Przejdź do głównej zawartości

Zderzenie cywilizacji


Większość turystów odwiedzających Bornholm kieruje swoją uwagę ku plażom i rowerom. Ja - ku tamtejszym średniowiecznym kościołom. W czterech miejscach na wyspie wznoszą się białe rundkirker, czyli okrągłe kościoły. We wnętrzu wspartym pośrodku na pokrytej dziwacznymi i trochę komicznymi freskami o tematyce biblijnej kolumnie wierni zbierali się - i nadal zbierają - na nabożeństwa. Ale okrągłe bornholmskie kościoły były nie tylko miejscami kultu, ale też budowlami obronnymi, chroniącymi mieszkańców przed napadami słowiańskich piratów. Stąd ich grube mury i górne piętro służące w razie czego jako magazyn i platforma strzelnicza.




Piątym kościołem jest największy na wyspie, romański Aa kirke, kryjący na pozór nieszczególną trzynastowieczną chrzcielnicę, ozdobioną płaskorzeźbami przedstawiającymi sceny biblijne podpisane pismem runicznym.
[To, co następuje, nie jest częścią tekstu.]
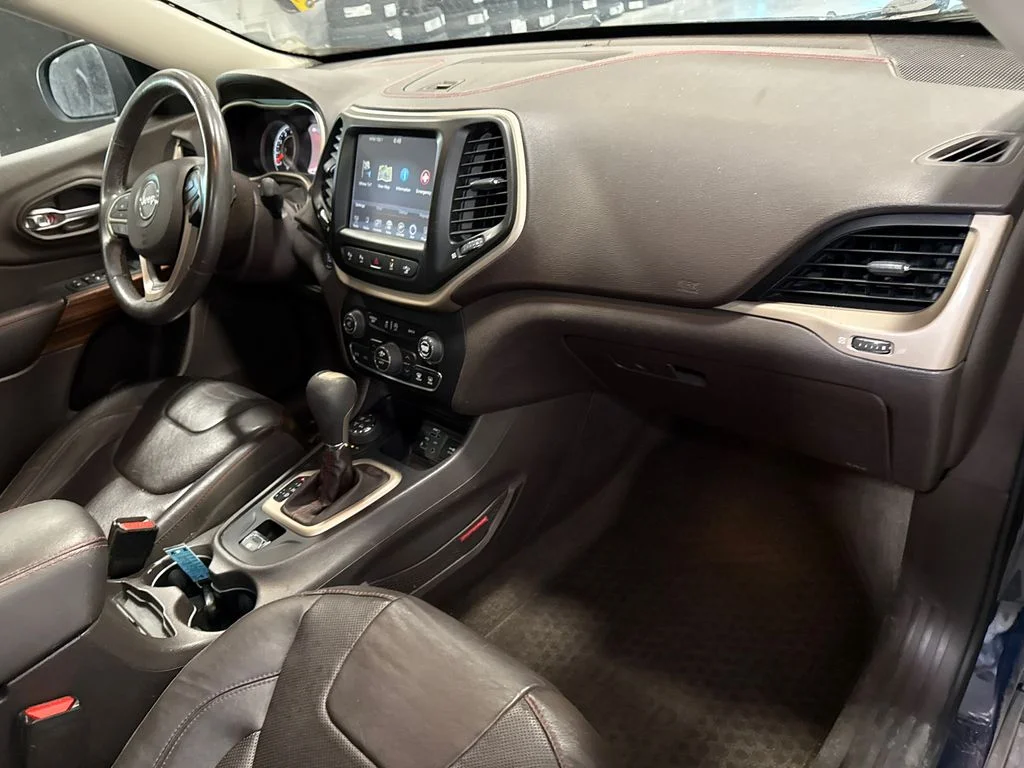 Used 2015 Blue Jeep Trailhawk image 15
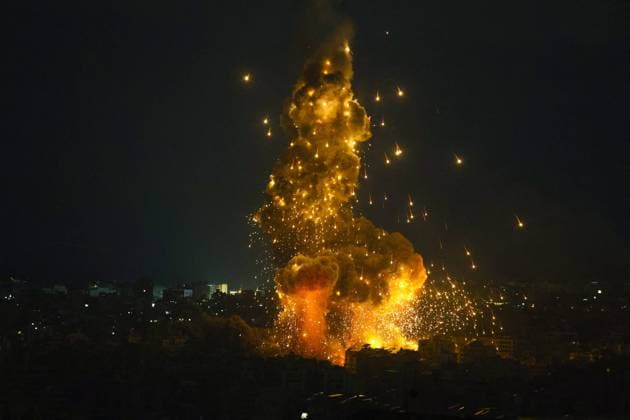 Bilder des Jahres 2024, News 10 Oktober News Themen der Woche KW41 News Bilder des Tages Israeli Airstrike On Beirut’s Southern Suburbs Continue Smoke rises from the site of an Israeli airstrike that targeted a neighborhood in Beirut’s southern suburb, Lebanon, early October 7, 2024. Photo by Ugur Can ABACAPRESS.COM Beirut Lebanon  Copyright: xUgurxCan ABACAx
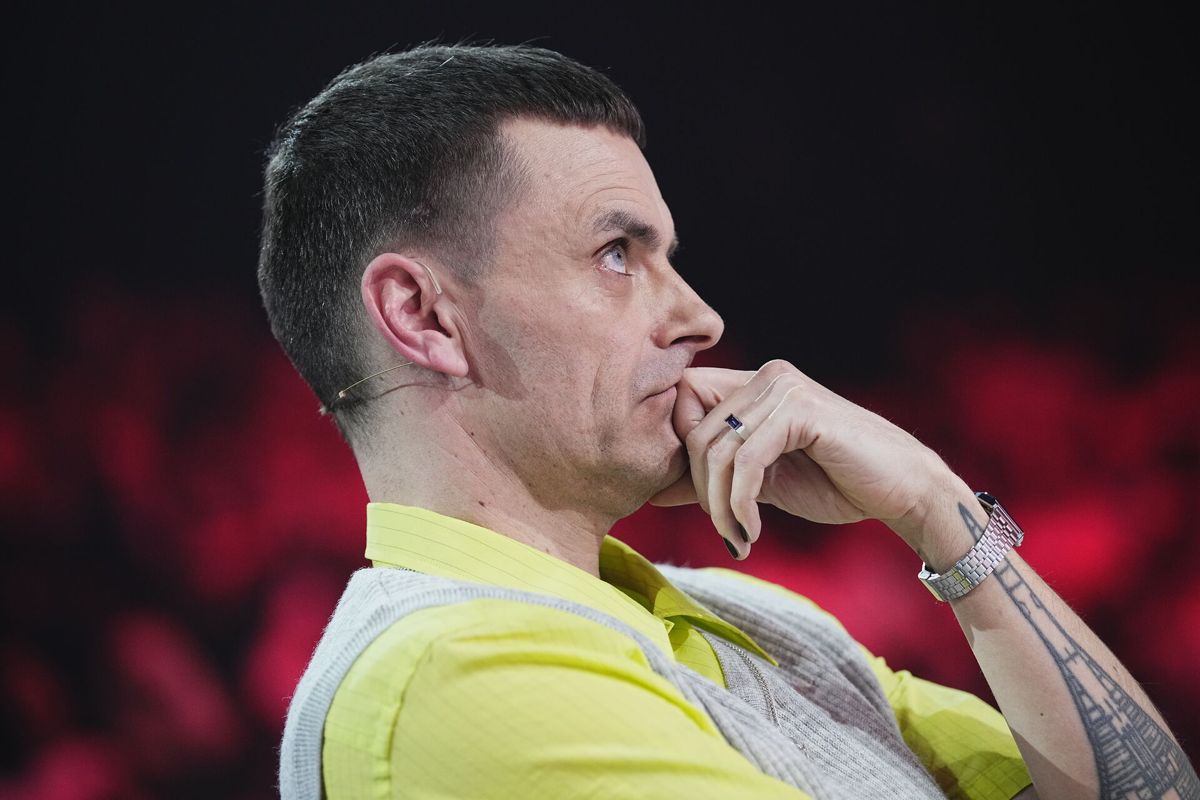 Simon Kvamm skulle vælge hvem, der fredag havde sunget sin sidste sang i årets X Factor - Clara Nedergaard eller Nambahlou.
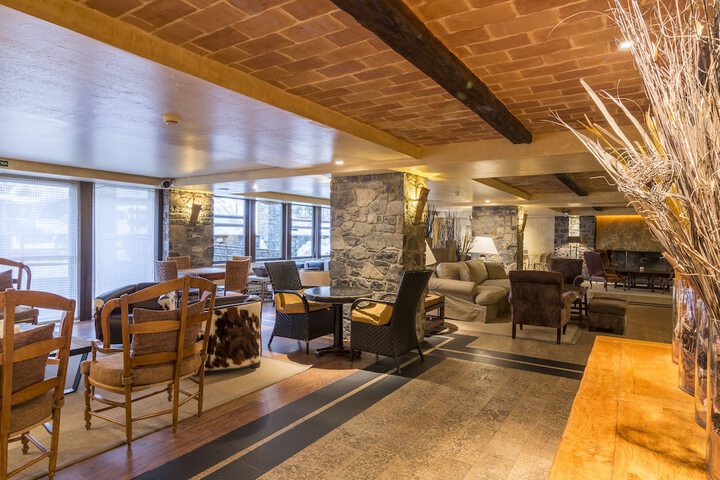 Entrance & Lobby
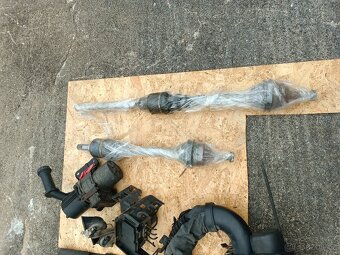 Peugeot 307SW, r.v.2004, 2,0HDI - zbytek dílů - 5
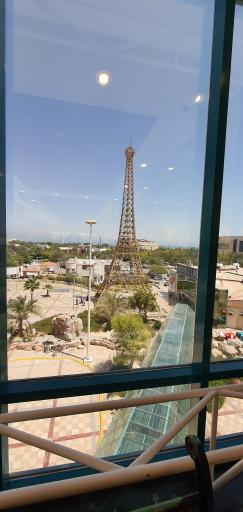 عکس برج ایفل کیش 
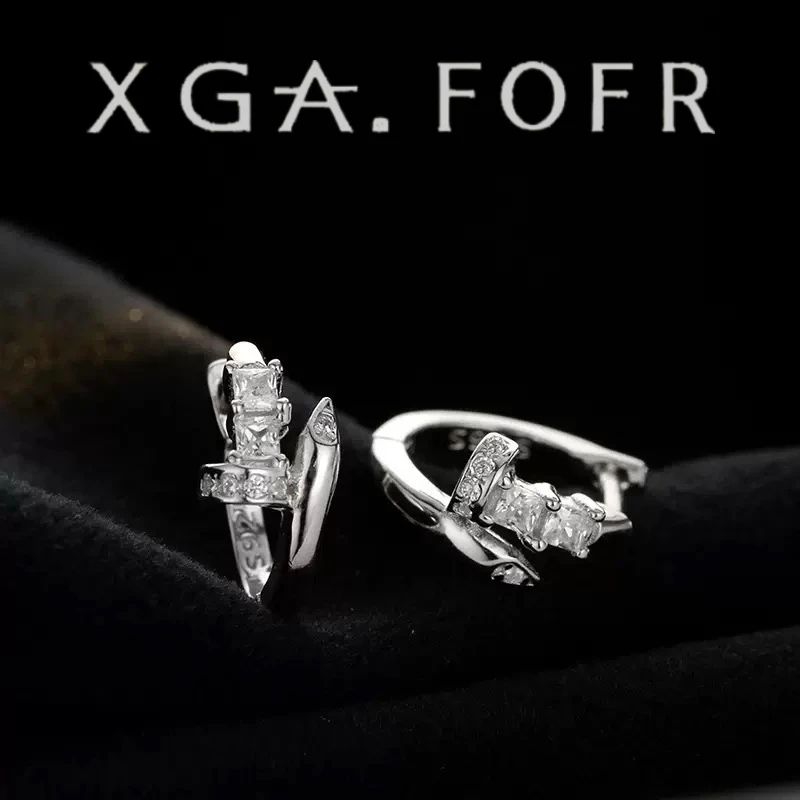 925银合成锆石耳饰 S925银针王嘉尔同款美式钉子耳钉嘻哈小众轻奢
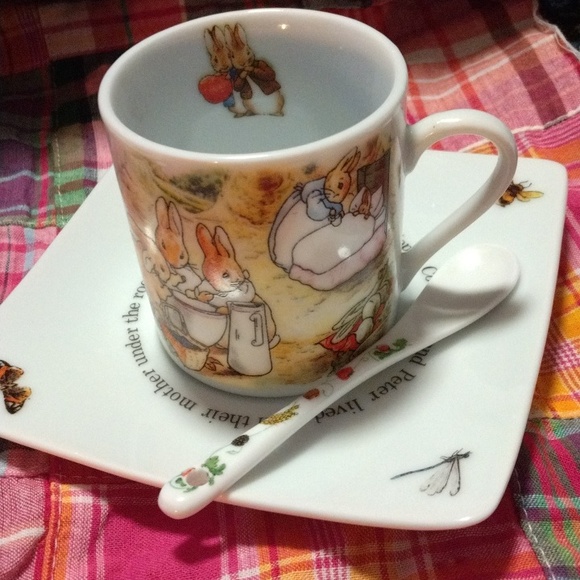 Mini Peter Rabbit Tea Set - Picture 6 of 16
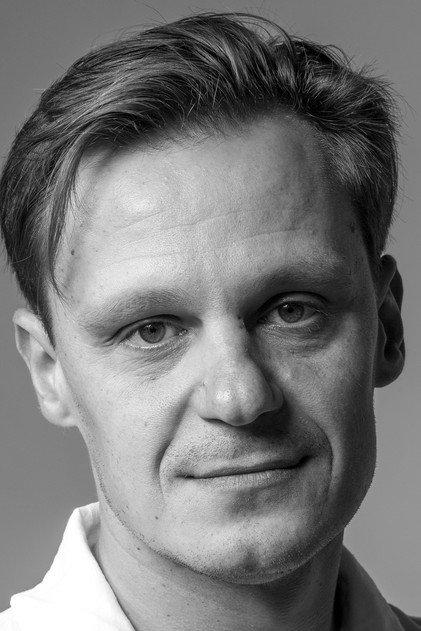 Janek Vadi - Actor Profile Photo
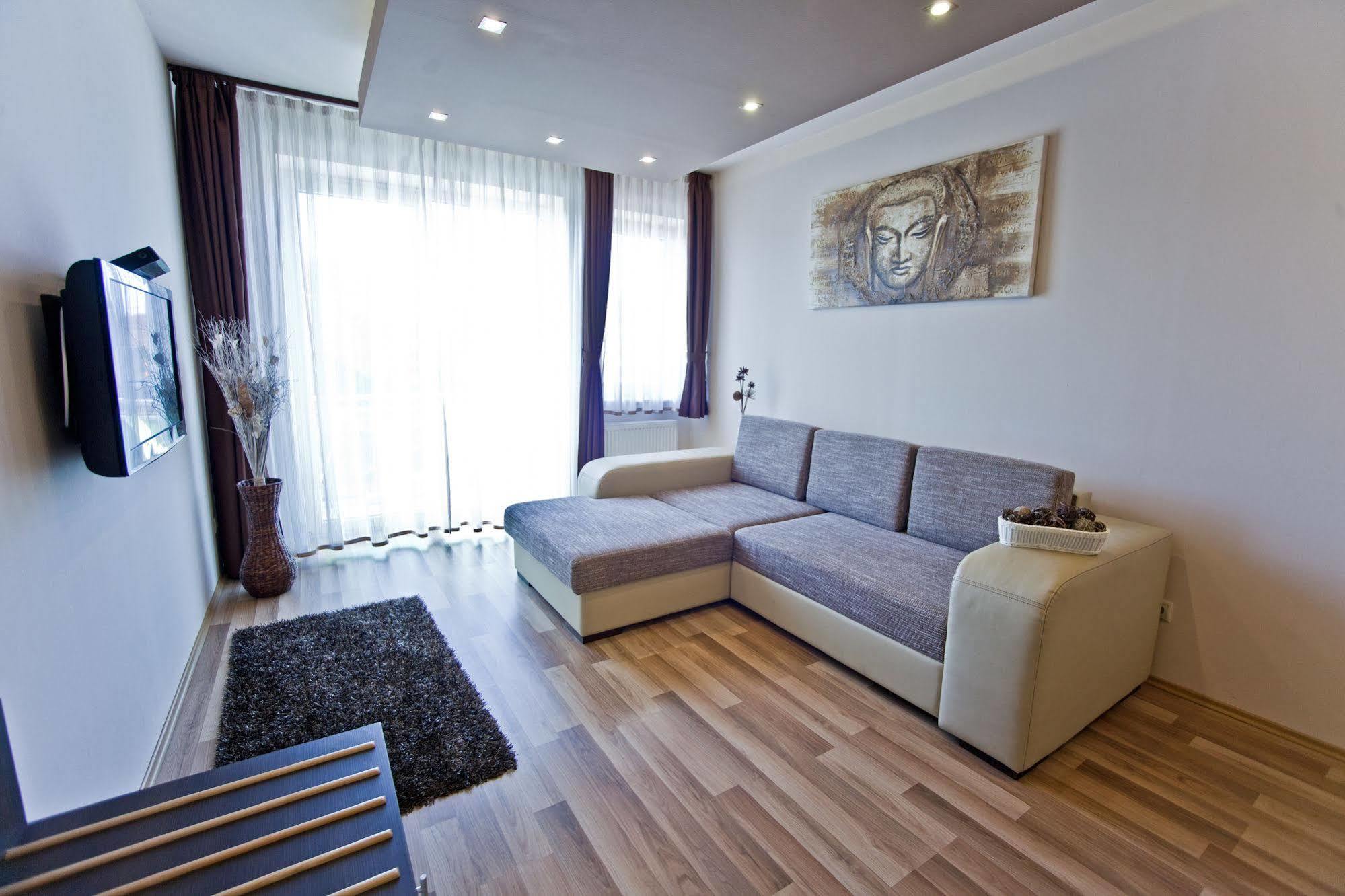 Nemeth Apartmanok Sárvár Exteriér fotografie
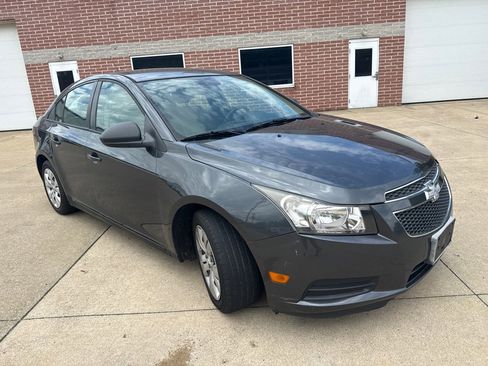 Used 2013 Chevrolet Cruze LS FWD image 3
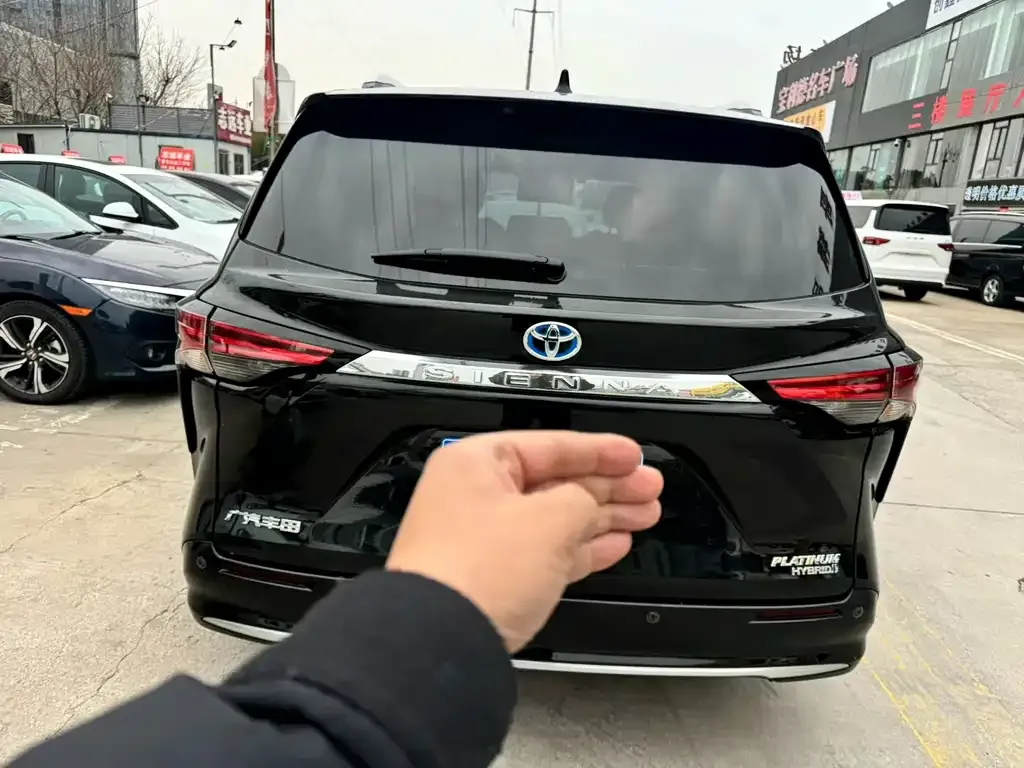 Toyota Sienna 2023 из CN, фото 2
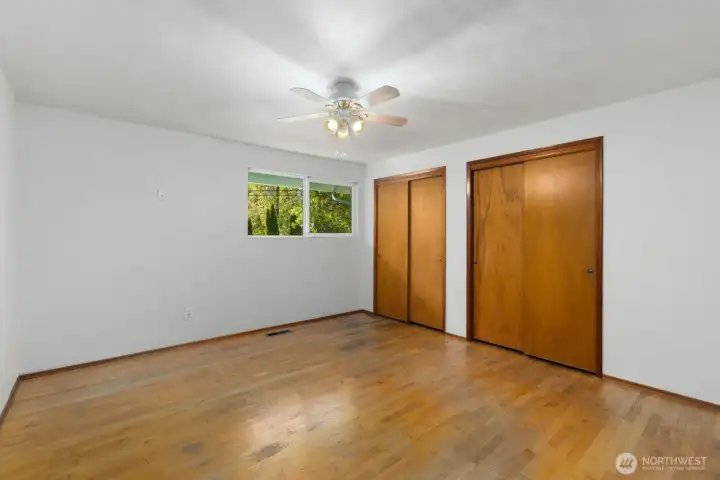Bedroom Upstairs Bedroom Upstairs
A jednak wraz z koleżanką-historyczką sztuki zachwycałyśmy się nią dobre kilkanaście minut, uderzyło nas bowiem, że oto mamy przed sobą produkt zderzenia cywilizacji: chrześcijaństwa w przedstawionych scenach i wikińskiego pogaństwa w opisujących je runach; świadectwo stopniowego odchodzenia jednej i triumfu drugiej i wyłaniania się nowego świata i nowej, chrześcijańskiej Europy z elementów Europ starych, plemiennych i pogańskich.